Oleh: Lilis Suryani
BUMN nampaknya sedang menjadi perbincangan hangat di berbagai kalangan. Pasalnya, perusahaan milik negara yang bergerak dibeberapa sektor vital ini tengah mengalami kerugian.
Hal ini diungkap sendiri oleh Menteri BUMN, Erick Thohir, yang mengonfirmasi bahwa utang PT PLN (Persero) saat ini mencapai Rp500 triliun. Beliau mengatakan, salah satu cara yang dilakukan untuk membenahi keuangan PLN ialah menekan 50% belanja modal (capital expenditure/capex). (finance.detik.com,4/6/2021)
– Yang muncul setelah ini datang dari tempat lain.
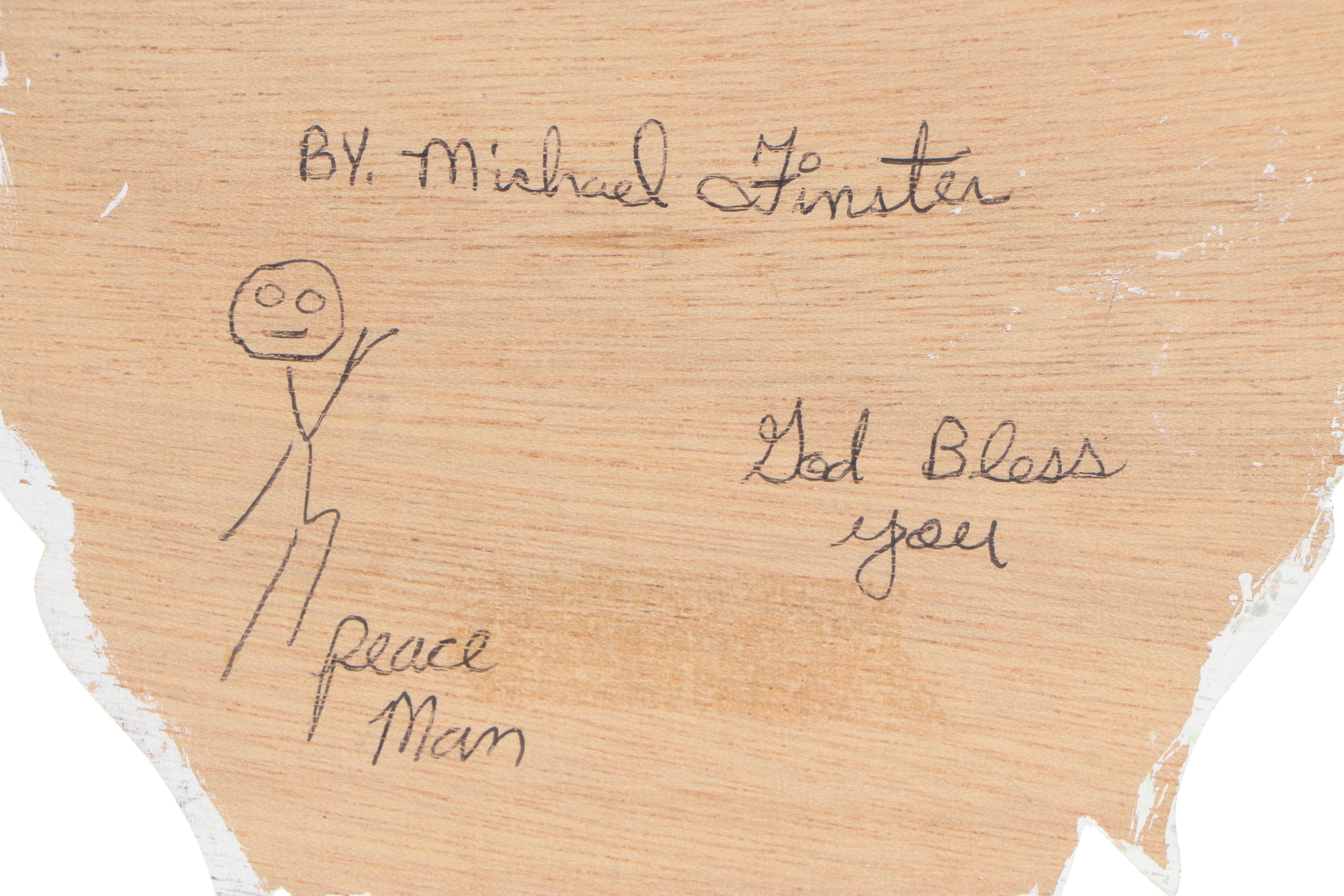 Michael Finster Folk Art Wood Cut-Out Sculpture "The Gaurding Angel"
Sebagai masyarakat awam mungkin kita akan merasa aneh saat mendengar kata untung-rugi pada perusahaan milik negara. Seolah-olah negara tengah berjual beli dengan rakyatnya. Di lain sisi yang selama ini dipahami, BUMN itu berfungsi untuk menyejahterakan rakyat dengan memenuhi semua kebutuhan rakyat.
Sedangkan yang terjadi saat ini adalah seolah-olah perusahaan milik negara ini tidak ada bedanya dengan perusahaan swasta yang berorientasi pada keuntungan semata.
Disinyalir telah terjadi salah urus pada tubuh perusahaan milik negara ini sehingga orientasinya adalah untung-rugi bukan untuk menyejahterakan rakyat. Fungsi bisnis BUMN akhirnya lebih menonjol daripada fungsi pelayanannya.
Ironisnya fungsi bisnis ini pun ternyata tak berjalan. Alih-alih memberi untung besar pada negara, pengelolaannya yang buruk membuat BUMN justru menjadi salah satu sumber masalah bagi negara.
Beberapa BUMN diketahui telah menjadi sarang korupsi yang berujung pada kerugian negara dengan nilai yang fantastis. Sementara yang lainnya terjebak dalam utang yang menggunung atau rugi akibat salah urus. Padahal di saat sama, keuangan negara sedang dalam kondisi nyaris kolaps.
Di lain sisi banyak yang berspekulasi bahwa BUMN bukan milik negara lagi, melainkan milik segelintir orang hingga sesuka hati dalam mengelolanya. Saat BUMN untung, pihak tertentu saja yang menikmati.
Sementara ketika merugi dan berutang seperti saat ini, masalahnya dibagi-bagi kepada rakyat. Tentu, rakyat lagi yang diminta untuk menyelamatkan BUMN dengan berbagai kenaikan pajak misalnya.
Cara pandang kapitalistik yang lahir dari pemikiran Kapitalisme telah menggerogoti perusahaan milik negara ini dari dalam, hingga mengakibatkan kerapuhan dan keroposnya sendi-sendi pertahanan ekonomi negeri.